Luther wrote that the Jews should be shown no mercy or kindness and afforded no protection under law. He wrote these “poisonous envenomed worms” should be drafted into forced labor or expelled for all time. He referred to the synagogue as an “incorrigible whore and an evil slut” and that synagogues and Jewish schools should be set on fire, their prayer books destroyed, rabbis forbidden to preach, homes razed, and property and money confiscated.
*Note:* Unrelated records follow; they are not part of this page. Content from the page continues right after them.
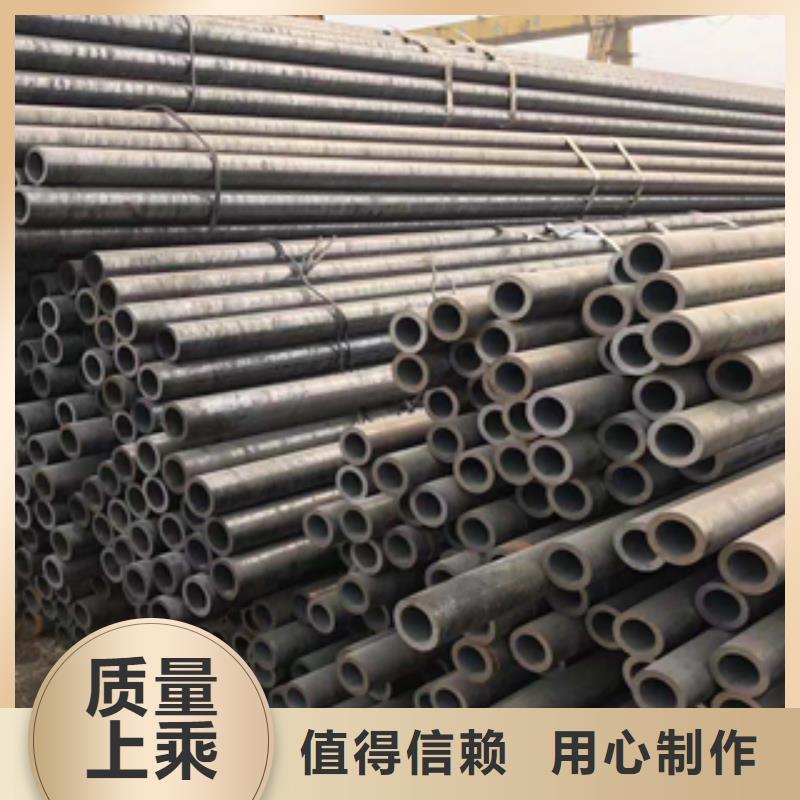 無縫管沖孔焊接H型鋼供應商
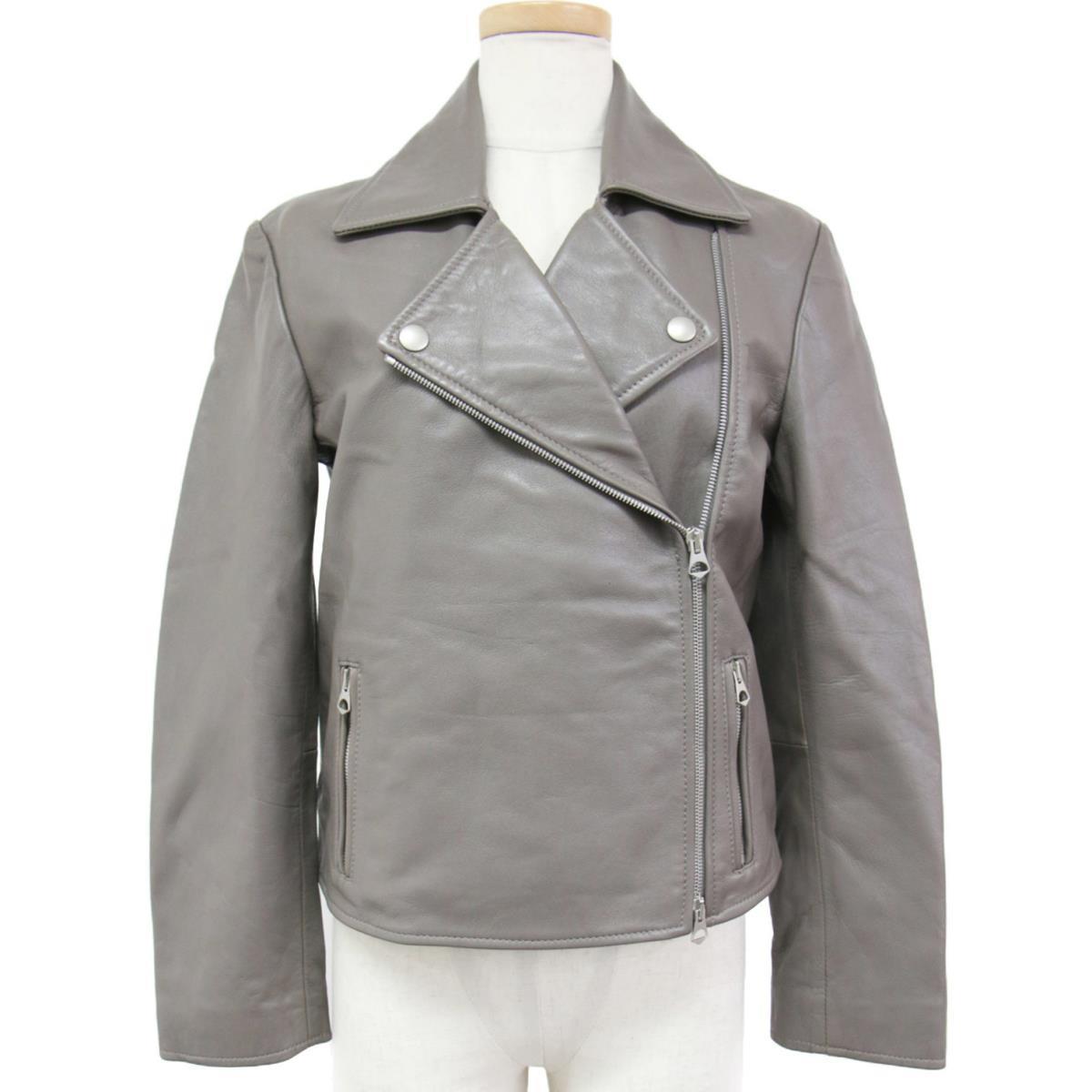 BARNEYS NEW YORK バーニーズニューヨーク アウター ジャケット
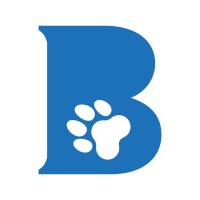 Blueprint UK logo - Similar company to Blueprint Networx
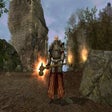 Icono de programa: Warhammer Online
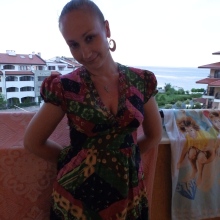 Powiększ obraz: Joanna Dębrowska-Wójcik, neurolog Białystok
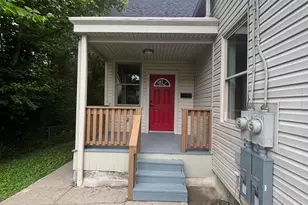 301 E 34th St, Covington, KY 41015 - Photo 1
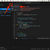 VSCode Flutter コンソールの出し方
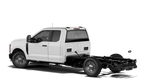 2027 Ford Super Duty F-250® XL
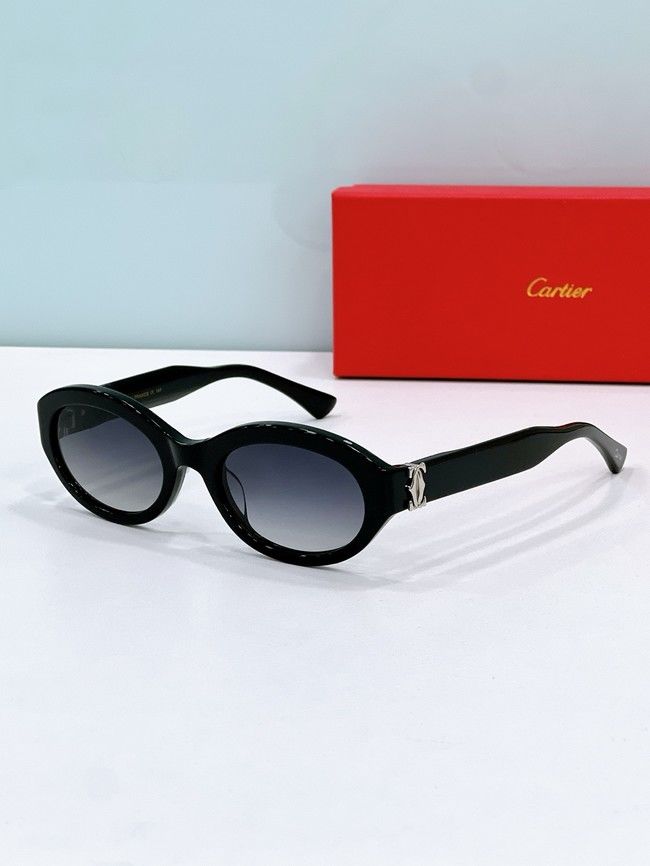 Cartier Sunglasses CAR000119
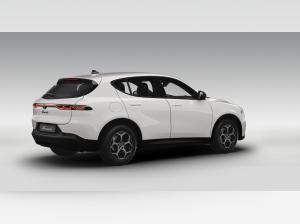 Alfa Romeo Tonale 1.5 VGT Hybrid Tonale  📢 𝐅𝐚𝐜𝐞𝐥𝐢𝐟𝐭 𝐌𝐨𝐝𝐞𝐥𝐥𝐣𝐚𝐡𝐫 𝟐𝟎𝟐𝟔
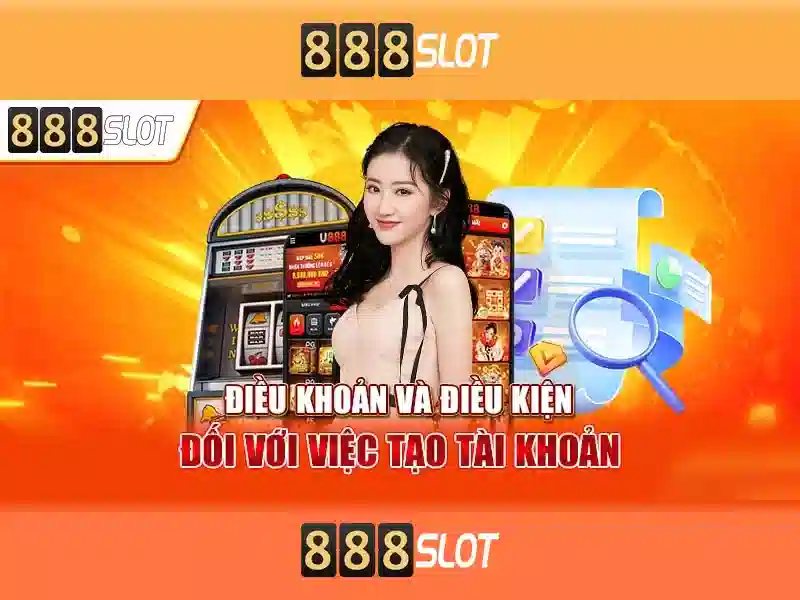 Thanh toán và an toàn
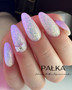 Top Coat No Wipe Slay 6ml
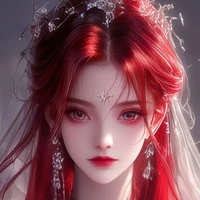 Cassandra(mère)Lou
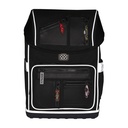 Ergomaxx Backpack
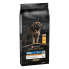 ფოტო #2 პროდუქტის PURINA Pro Plan Adult Robust Balance Large 14kg Dog Food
His anti-Semitism was embraced and celebrated by the German Christian (Nazi) churches a few centuries later. Spend a few moments on the googles and you’ll be able to see pics of Reich church meetings where the Reformed and Lutheran nazi churches and nazi leaders are embracing Luther as a forerunner for their hatred of Jews. Here Thomas and I are at Luther’s burial spot in the Castle Church.

Luther's grave

I read here in one of my Bonhoeffer books that right here at this spot, in 1933, Joachim Hossenfelder, the Reich Leader of the German Christians (Nazi) stood to attention and called out over Luther’s tomb… “My Reich Bishop, I greet you.”  Dietrich Bonhoeffer was present for that occasion and his friend, Franz Hildebrandt, whispered to him… “I now believe in the doctrine of the real rotation of Luther’s bones in his grave.” (Dietrich Bonhoeffer: A Spoke in the Wheel, Renate Wind, page 75)

That made me chuckle but honestly, from the anti-Semitism of Luther, some of which I’ve noted above, I’m not sure he would have protested. When I saw this dark anti-Seminitic pig in Wittenberg I had the thought that the real anti-Semitic pig in Wittenberg was Luther.  I found this line in some literature available at this town church;

This hateful, anti-Jewish portrayal was there long before Luther, but the pig and its affront were given life by some of Luther’s words, and by the words of others, over the centuries.

To be fair to this church, I must mention that on the sidewalk directly below this dark pig is “a new monument pushing up from the earth to make its protest and to call to remembrance all of the 6 million Jews, God’s chosen people, murdered by hatred. The new monument marks out a Cross, reminding one of the darkness and death faced by God’s Chosen One.” Here’s a pic we took of this monument pushing up from the earth…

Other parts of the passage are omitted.